Dill loved reading books as a child. She first studied English in college, not art. After teaching for a few years, she decided to become an artist in her late twenties. She earned a Master of Fine Arts degree from the Maryland Institute College of Art in 1980.
Her family members practiced crafts like weaving and making pottery. This early exposure to making things by hand also influenced her artistic style. In 1985, she married filmmaker Ed Robbins. Traveling with him, especially to places like India, gave her new ideas for her art.
Artistic Style and Career
Lesley Dill's art is known for combining words with images and objects. She often uses many different materials and art forms together.
The Power of Words
A major turning point for Dill came in 1990 when she received a book of poems by Emily Dickinson. She began to include the text of poems directly into her sculptures and other artworks. This became a key part of her style. She has used words from famous poets like Emily Dickinson and Pablo Neruda in her art.
Dill once said that language is "...the touchstone, the pivot point of all my work." This means words are the central, most important part of her art.
Mixing Different Art Forms
Dill is not an artist who sticks to just one thing. She makes sculptures from wood and metal. She also creates photographs, drawings, and prints. For example, her piece Voices in My Head is a photograph that she drew on with charcoal and sewed thread into.
While traveling in India, she was inspired by women who painted designs on their skin with henna. This gave her the idea to paint words on people and photograph them as "living sculptures." This led her to create performance art, where the artwork is a live event.
Major Projects and Performances
Dill enjoys sharing her art with the public in unique ways, often outside of traditional museums.
Community Art
In the 1990s, Dill worked on a project where her art was printed on huge billboards and placed around the city of Tampa, Florida. This allowed people who might not go to an art gallery to see her work in their daily lives.
In 2000, she created her first community project called Lesley Dill, Tongues on Fire: Visions and Ecstasy. It included a performance with a local church choir, bringing the community together through art.
Music and Opera
Dill's love for language and art also led her to music. In 2008, she created a full opera called Divide Light. The opera was based on the poems of Emily Dickinson. Dill directed the performance, and the music was written by composer Richard Marriott.
Later, in 2018, the opera was performed again in New York City by a group called the New Camerata Opera.

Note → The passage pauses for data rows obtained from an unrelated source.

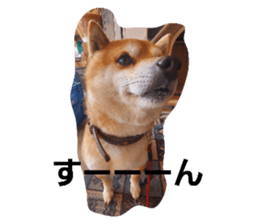 765709672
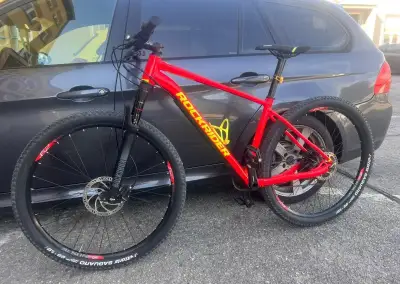 RockRider XC 120 Crosscountry vel. L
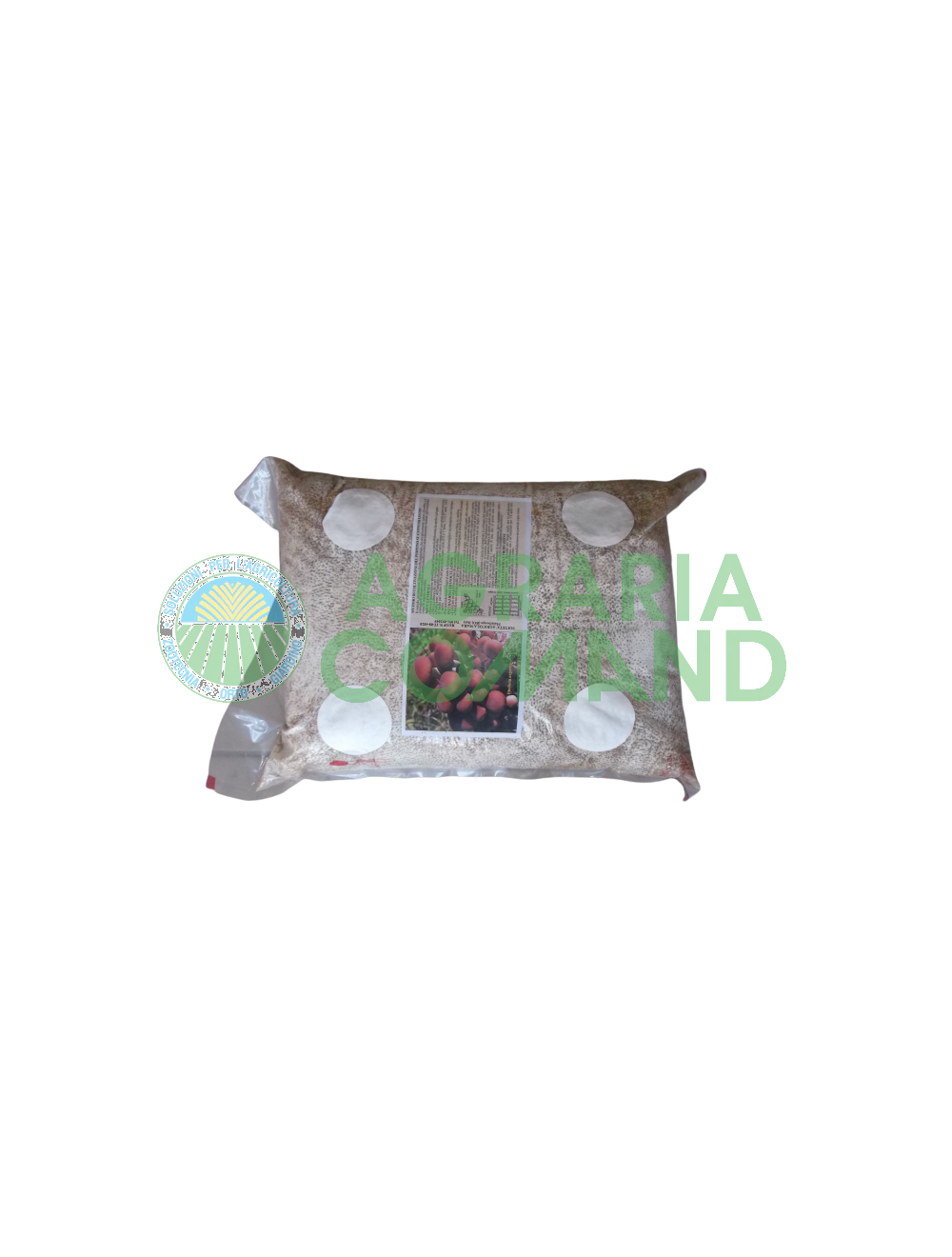 Seme micelio Pioppino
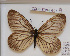  ( - CCDB-17948 G01)  @12 [ ] Copyright (2013) Zoological Institute of the Russian Academy of Science Zoological Institute of the Russian Academy of Science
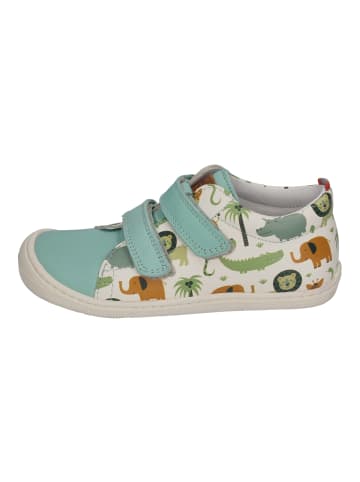 KOEL Sneaker Low DANNY PRINT  in bunt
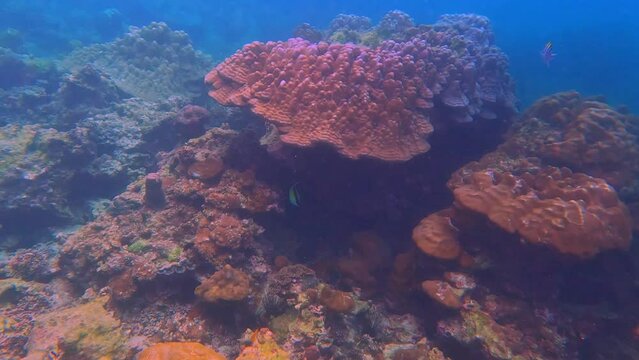 Snorkling snorkel in Phi Phi Island Corel reef teaming with reef fish of various colours. Phuket Thailand teaming with reef fish of various colours. vibrant and colourful Corel reef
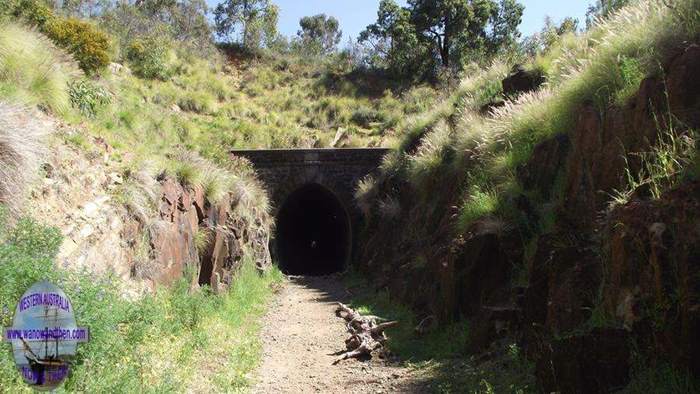 Swan-View-Tunnel-001.JPG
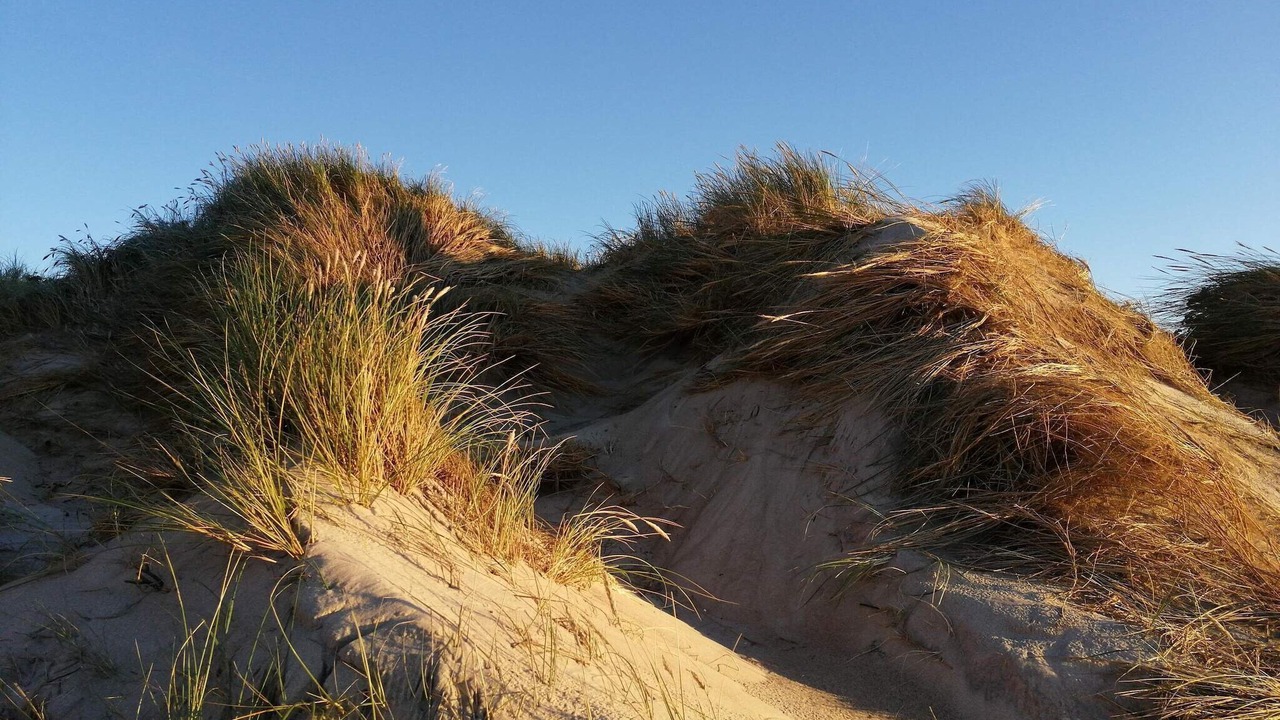 Photo of Others in Lodbjerg Hede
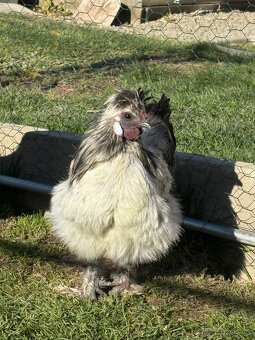 mladí kohouti Hedvábničky a Pavlovky - 2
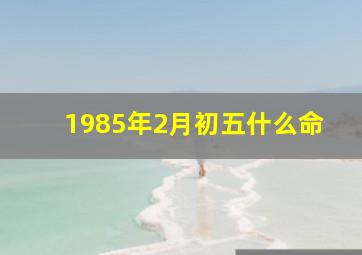 1985年2月初五什么命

Exhibitions and Recognition
Lesley Dill's art has been shown in galleries and museums all over the United States and is part of many important collections.
Her work is in famous museums like the Metropolitan Museum of Art and the MoMA in New York City, the Whitney Museum of American Art, and the High Museum in Atlanta.
She has had many solo shows, which are exhibitions focused only on her art. One of her first major museum tours was Lesley Dill: A Ten Year Survey from 2002 to 2003. It traveled to museums across the country, from Hawaii to Washington, D.C.
Another big exhibition, I Heard A Voice: The Art of Lesley Dill, toured from 2009 to 2010. More recently, her exhibition Wilderness: Light Sizzles Around Me has been traveling to different museums from 2021 to 2023.
Dill has received many awards for her unique contributions to art. She was named a Fellow of the John Simon Guggenheim Memorial Foundation in 2017, which is a very high honor for artists and scholars.